Who is Jesus Christ and how do we proclaim him?
 

           The Gospel for this week is new to Sunday mornings.  We have not read nor preached on this Gospel on Sundays before.  It is a very interesting Gospel in the way that it is formed.  King Herod heard about Jesus and what Jesus was doing.  He also heard that some believed Jesus must be John the Baptist.  He assumed that John, the person that he beheaded must have been raised from the dead.  And then the Gospel tells us about what he remembered; the story of John and how Herod came to kill him.  When I first read this Gospel my first thoughts were “what can I possibly preach about”?  Most of the Gospel is a flashback.  It is a story of what happened. 

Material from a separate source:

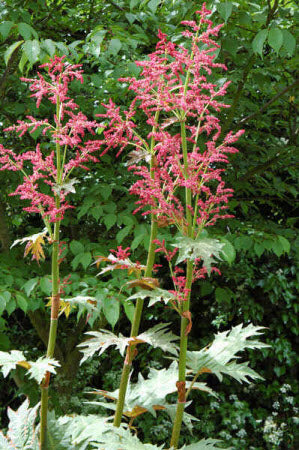 Rheum palmatum tanguticum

          In the lesson from Ephesians we hear Paul’s words to one of his favorite churches, the church in Ephesus.  He really likes them and you can hear his love for them throughout this letter.  It is a very different kind of letter than he wrote to Corinth or Rome.  In this letter you can hear his love and passion for the people.  What sets them apart?  I believe that it is the power of Jesus Christ to transform God’s people.  It is about the power of Christ and what that power does to those who confess him.  The people in Ephesus got it.  They understood that Jesus could not be summed up by one person’s experience.  Jesus Christ, the Risen Lord could not be contained in the mind and experience of one.  It was and is found in the body of Christ, you and me.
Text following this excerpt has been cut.